However ABC news director Gaven Morris has denied Exelby was fired, describing the many media reports as "untrue" because Exelby was a freelance journalist and as such was not rostered for any additional on air shifts. Morris' statement followed an earlier statement released by an ABC spokesperson which also said Exelby was a "casual contributor" rather than a staff member and was only booked for occasional on air shifts.

Some commentators accused Morris of lying and maintained Exelby had indeed been punished. Exelby also maintains the ABC told her she was unable to go live on air again following the blooper, and had offered her producing shifts instead.

===I'm a Celebrity... Get Me Out of Here!===
In 2019, Exelby was a contestant on the fifth season of Network 10's reality show I'm a Celebrity... Get Me Out of Here!, in which she placed 7th out of the 14 celebrities competing.

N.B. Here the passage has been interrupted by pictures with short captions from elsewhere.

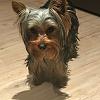 When did your yorkies coat change?-5e2fbb48-b5c3-4368-9d68-bcc8cd501547.jpeg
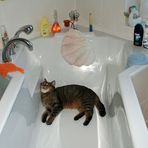 Badewannenkatze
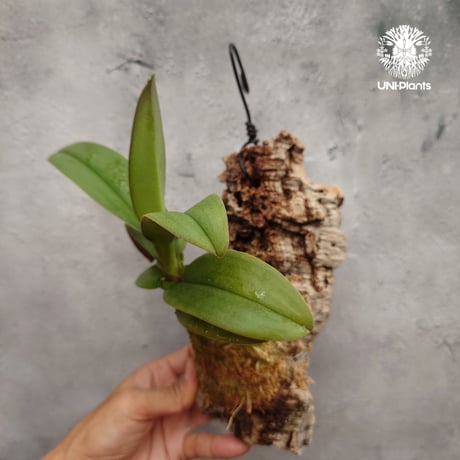 Phalaenopsis pulcherrima var Red ubon 着生植物 洋ラン 着生蘭 着生ラン 着生コルク ハンキング植物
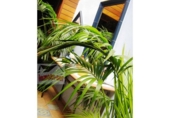 1200m² restaurant for sale in Malgrat de Mar, photo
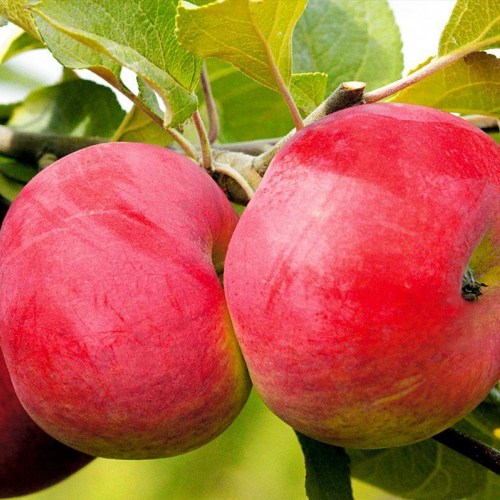 Яблоня Розочка 3х-лет - лпх-первомайское.рф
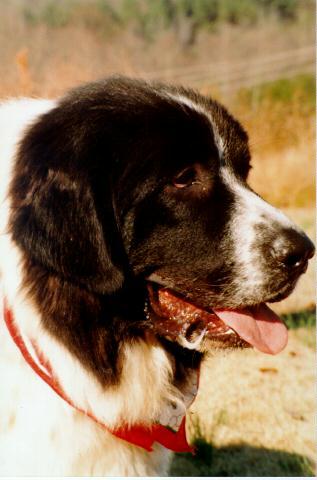 Dog-Saint Bernard-Sophee3-Face.jpg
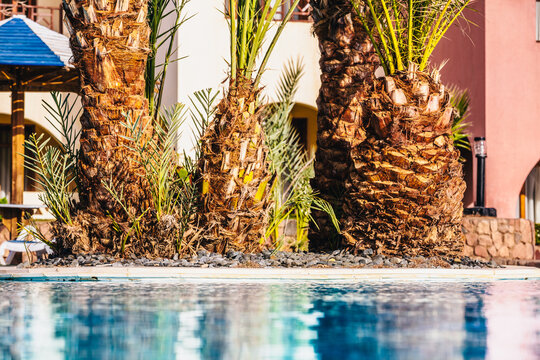 Tropical resort pool with palm trees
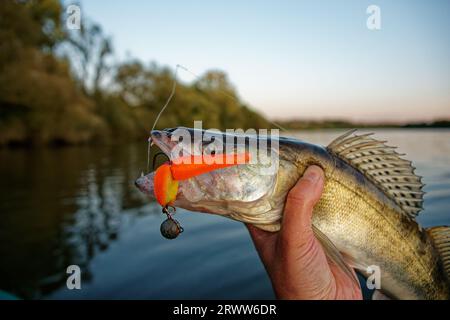 Zander dans la main du pêcheur attrapé sur la limace de mousse à la main, temps clair, soirée d'été Banque D'Images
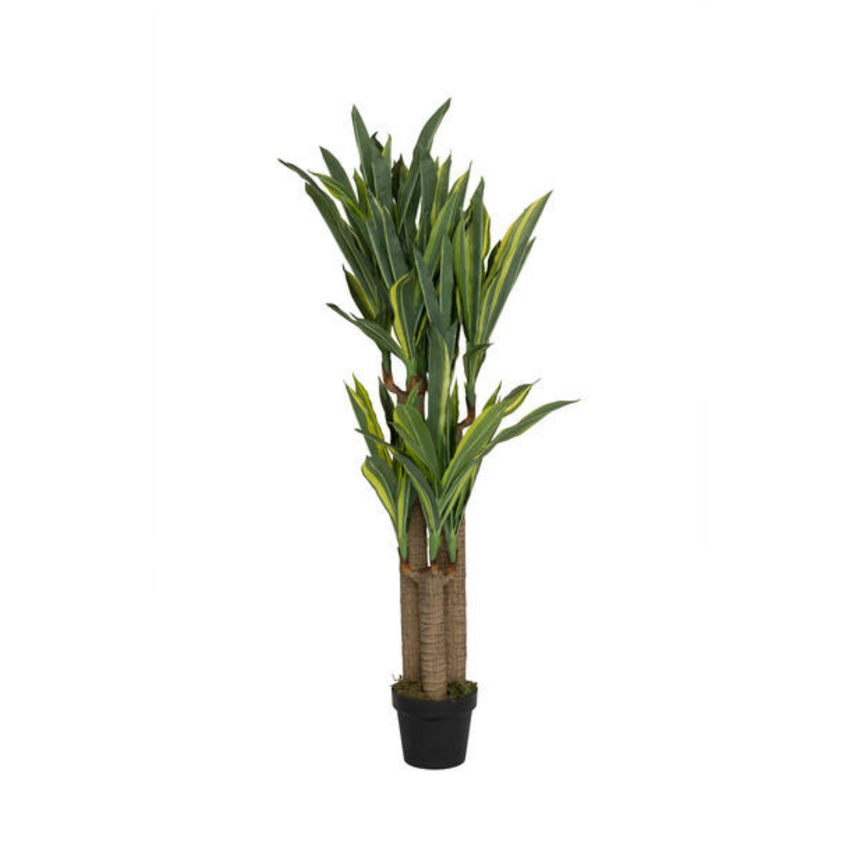 Dracena műnövény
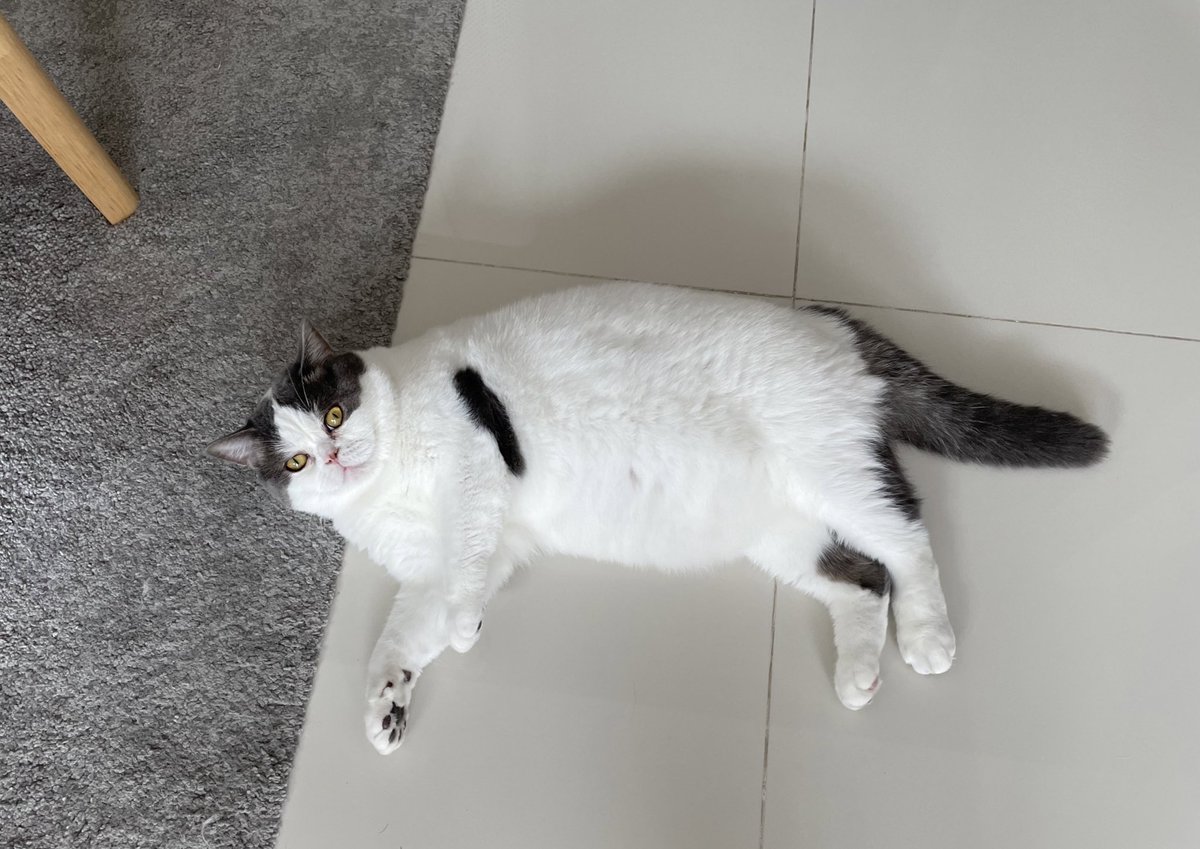 แม่มดเลี้ยงแมว ⚮̈ .゜🐈 tweet media
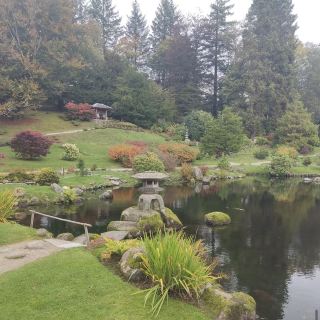The Japanese Garden at Cowden
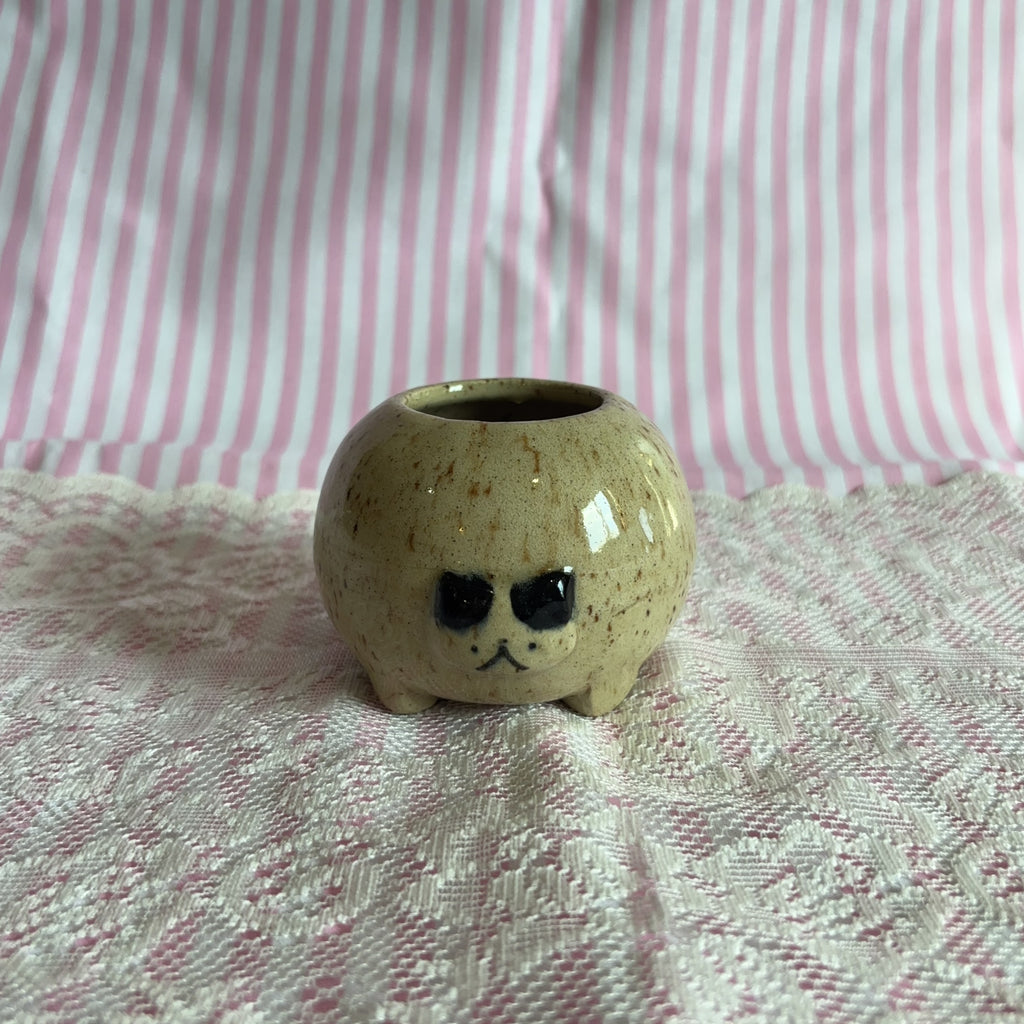 rosie cat jar 🍎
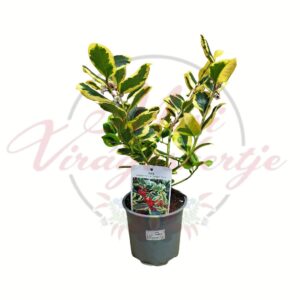 Magyal Ilex Golden King cserepes sárga szegélyű levelű örökzöld díszcserje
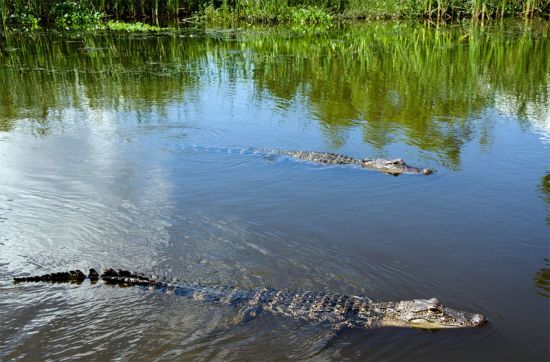 Krokodýl v přírodě
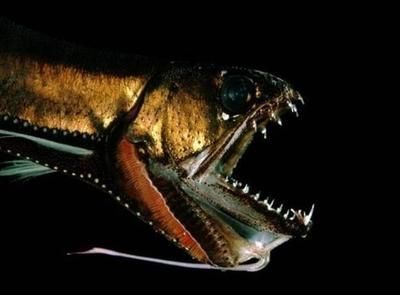 龍魚不進(jìn)食什么原因?qū)е碌模堲~不吃飯?jiān)趺崔k) 龍魚百科 第5張 龍魚不進(jìn)食什么原因?qū)е碌模堲~不吃飯?jiān)趺崔k) 龍魚不進(jìn)食什么原因?qū)е碌模堲~不吃飯?jiān)趺崔k) 龍魚百科 第5張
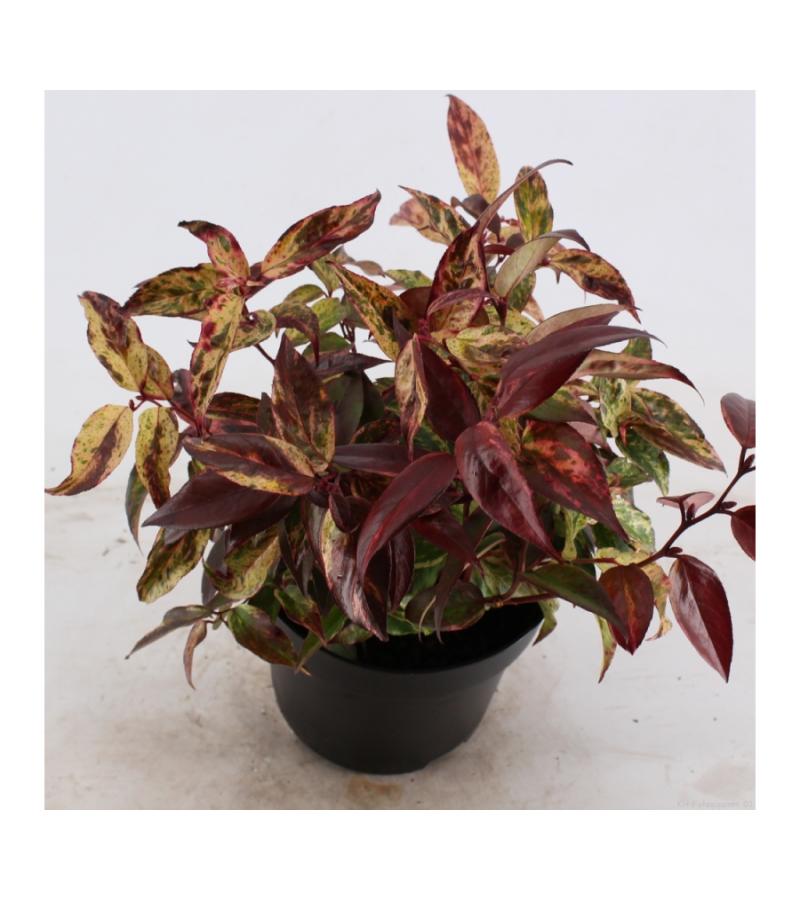 Druifheide (Leucothoe walteri “Rainbow”) heester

=== Return to Network 10===
In June 2019, it was announced that Exelby would join 10 News First in Melbourne as a presenter and reporter.

In June 2022, Exelby was named as one of the presenters of the network's new national news bulletin, 10 News First: Breakfast, which was introduced as a lead-in to morning program Studio 10. It was announced Lachlan Kennedy would present the Monday to Wednesday editions of the bulletin from the Sydney studio while Exelby would host the Thursday and Friday editions from the Melbourne studio.

In February 2023, Exelby resigned as an employee of Network 10 but continues to fill-in on Studio 10 on a freelance basis.

=== Controversy ===
Exelby was caught driving four times the legal limit after crashing her car in Melbourne on June 26, 2023.

Police officers attended the scene on Orrong Rd at 6.15pm, where they conducted a preliminary breath test. A subsequent test returned a blood alcohol reading of .220. Exelby, 40, told police at the time she drank “two seltzers” that afternoon.